The heat is rising, and it could cost the global economy $2 trillion by 2030.
New research suggests that climbing temperatures will make it harder for workers to do their jobs, particularly in the world’s poorest economies. The situation is worst for those in the lowest paid and most heat-exposed professions, such as construction and farming.
The researchers, led by Tord Kjellstrom of the Health and Environment International Trust in New Zealand, projected the GDP losses due to heat stress for 43 countries using environmental data and computer models. Their results appear in the Asia-Pacific Journal of Public Health.
India and China together stand to lose $450 billion in output by 2030. The economies of richer nations, such as Japan and the UK, were unaffected by heat stress—only the US saw a modest dip of 0.2% of GDP.
It’s Asia and Africa that will suffer the most, Kjellstrom told Bloomberg. In South-East Asia, 15-20% of annual work hours are already lost in heat-exposed jobs; that may double by 2050 as global warming continues. In Malaysia, for instance, work normally slows or stops during the hottest times of the day or year to avoid dangerous heat stress.
Shifting work schedules to beat the heat, along with higher demand for air conditioning, could make people less heat tolerant, the researchers warn. That, in turn, raises the costs associated with heat stress.
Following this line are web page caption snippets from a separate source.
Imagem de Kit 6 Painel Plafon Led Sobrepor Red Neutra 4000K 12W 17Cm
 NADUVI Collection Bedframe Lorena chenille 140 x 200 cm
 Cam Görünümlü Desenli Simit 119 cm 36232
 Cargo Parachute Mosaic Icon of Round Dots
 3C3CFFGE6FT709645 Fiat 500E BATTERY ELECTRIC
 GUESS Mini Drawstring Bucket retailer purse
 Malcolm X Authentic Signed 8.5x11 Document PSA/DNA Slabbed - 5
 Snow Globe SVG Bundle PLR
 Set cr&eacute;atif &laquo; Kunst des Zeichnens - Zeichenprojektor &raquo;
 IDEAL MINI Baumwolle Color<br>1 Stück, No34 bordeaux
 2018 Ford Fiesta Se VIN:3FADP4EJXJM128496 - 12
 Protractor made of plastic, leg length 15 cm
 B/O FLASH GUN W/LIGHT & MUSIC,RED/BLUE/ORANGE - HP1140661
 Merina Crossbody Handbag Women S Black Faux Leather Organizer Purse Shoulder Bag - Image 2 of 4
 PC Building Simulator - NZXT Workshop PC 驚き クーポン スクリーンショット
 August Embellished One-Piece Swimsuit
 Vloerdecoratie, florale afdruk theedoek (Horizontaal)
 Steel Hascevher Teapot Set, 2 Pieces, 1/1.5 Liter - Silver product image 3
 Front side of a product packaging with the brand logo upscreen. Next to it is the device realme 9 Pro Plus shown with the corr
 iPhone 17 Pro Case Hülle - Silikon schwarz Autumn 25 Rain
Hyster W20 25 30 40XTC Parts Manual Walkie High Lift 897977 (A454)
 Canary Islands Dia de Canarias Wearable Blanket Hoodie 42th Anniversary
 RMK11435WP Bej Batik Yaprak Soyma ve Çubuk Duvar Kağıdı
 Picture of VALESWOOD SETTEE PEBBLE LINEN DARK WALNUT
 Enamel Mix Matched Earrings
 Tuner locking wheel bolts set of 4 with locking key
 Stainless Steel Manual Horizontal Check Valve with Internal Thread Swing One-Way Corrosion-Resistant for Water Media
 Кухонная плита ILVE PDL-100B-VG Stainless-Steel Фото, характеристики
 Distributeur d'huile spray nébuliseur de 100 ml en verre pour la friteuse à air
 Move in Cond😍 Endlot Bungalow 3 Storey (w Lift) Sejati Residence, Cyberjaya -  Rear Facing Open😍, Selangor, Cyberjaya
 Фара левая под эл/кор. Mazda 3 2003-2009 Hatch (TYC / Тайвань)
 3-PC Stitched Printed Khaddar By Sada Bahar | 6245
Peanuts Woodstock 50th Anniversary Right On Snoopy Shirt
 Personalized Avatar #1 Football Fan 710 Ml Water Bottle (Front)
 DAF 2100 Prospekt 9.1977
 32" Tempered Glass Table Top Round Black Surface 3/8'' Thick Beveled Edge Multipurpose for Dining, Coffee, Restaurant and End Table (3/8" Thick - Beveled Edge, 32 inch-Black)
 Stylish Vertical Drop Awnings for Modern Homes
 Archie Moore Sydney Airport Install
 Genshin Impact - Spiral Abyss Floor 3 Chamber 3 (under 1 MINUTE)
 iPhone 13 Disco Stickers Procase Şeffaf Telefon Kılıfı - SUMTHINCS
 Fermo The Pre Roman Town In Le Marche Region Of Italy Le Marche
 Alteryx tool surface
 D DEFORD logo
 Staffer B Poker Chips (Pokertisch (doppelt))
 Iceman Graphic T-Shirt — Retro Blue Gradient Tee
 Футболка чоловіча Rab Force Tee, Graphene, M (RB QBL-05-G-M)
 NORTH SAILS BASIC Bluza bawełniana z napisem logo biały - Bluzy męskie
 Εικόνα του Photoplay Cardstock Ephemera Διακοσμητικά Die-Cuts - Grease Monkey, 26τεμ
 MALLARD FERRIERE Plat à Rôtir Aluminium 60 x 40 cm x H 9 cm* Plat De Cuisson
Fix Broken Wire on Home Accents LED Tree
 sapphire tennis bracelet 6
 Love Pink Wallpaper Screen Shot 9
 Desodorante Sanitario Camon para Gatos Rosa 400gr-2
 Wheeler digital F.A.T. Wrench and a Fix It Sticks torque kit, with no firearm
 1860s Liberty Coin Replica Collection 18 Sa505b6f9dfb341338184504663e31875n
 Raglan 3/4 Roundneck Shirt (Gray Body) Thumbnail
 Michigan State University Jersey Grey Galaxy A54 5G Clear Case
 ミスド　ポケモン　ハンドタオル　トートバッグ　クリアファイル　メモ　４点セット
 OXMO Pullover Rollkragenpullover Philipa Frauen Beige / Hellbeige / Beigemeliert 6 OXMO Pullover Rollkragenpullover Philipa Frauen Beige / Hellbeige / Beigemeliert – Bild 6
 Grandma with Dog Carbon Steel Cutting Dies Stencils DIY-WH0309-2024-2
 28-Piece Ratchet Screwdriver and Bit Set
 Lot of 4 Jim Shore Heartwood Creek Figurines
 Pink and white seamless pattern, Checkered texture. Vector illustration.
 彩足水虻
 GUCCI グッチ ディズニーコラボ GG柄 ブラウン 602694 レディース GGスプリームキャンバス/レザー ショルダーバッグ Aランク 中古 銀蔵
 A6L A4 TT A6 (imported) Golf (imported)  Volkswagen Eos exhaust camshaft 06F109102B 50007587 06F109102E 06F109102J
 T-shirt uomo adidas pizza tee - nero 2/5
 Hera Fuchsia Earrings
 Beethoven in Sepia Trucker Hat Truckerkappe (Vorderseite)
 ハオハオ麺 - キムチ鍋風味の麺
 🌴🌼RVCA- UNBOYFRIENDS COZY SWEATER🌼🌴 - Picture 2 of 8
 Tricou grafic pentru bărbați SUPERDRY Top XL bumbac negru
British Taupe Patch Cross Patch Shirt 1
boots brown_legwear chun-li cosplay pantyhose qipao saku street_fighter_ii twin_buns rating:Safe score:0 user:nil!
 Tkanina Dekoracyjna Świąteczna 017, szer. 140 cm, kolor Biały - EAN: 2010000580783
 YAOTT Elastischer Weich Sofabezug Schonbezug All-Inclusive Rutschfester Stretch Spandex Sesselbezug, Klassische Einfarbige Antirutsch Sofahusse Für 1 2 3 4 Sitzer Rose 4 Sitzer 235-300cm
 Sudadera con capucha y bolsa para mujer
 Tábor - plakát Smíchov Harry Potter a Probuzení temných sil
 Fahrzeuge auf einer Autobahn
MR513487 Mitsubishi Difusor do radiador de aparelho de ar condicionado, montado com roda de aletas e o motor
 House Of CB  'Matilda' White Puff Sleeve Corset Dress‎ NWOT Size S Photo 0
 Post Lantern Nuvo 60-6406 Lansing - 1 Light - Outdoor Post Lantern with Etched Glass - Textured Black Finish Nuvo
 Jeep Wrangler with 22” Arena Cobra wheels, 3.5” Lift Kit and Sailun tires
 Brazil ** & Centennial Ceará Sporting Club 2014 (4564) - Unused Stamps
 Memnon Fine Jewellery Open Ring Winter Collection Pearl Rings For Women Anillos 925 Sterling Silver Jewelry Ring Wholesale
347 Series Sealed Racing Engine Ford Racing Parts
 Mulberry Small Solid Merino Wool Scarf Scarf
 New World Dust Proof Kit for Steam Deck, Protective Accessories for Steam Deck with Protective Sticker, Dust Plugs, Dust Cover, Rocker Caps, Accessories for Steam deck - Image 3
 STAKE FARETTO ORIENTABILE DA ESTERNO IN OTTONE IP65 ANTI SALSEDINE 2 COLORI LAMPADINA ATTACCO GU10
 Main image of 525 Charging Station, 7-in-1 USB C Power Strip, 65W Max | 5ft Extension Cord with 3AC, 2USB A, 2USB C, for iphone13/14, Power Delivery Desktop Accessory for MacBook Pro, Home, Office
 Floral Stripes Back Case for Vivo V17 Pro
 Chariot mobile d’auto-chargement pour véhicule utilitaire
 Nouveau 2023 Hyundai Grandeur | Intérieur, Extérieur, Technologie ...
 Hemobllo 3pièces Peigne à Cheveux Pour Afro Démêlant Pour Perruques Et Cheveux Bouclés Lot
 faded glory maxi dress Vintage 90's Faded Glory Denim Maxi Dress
A city like Bangkok, for instance, needs an extra 2,000 MW—roughly the output of a major power plant—for every 1°C rise in temperature.
In 2015, over 190 countries agreed to keep the global mean temperature “well below” a 2°C increase over what it was before the industrial era, and to “pursue efforts” to keep it even below 1.5°C. However, major countries such as China have yet to ratify the agreement.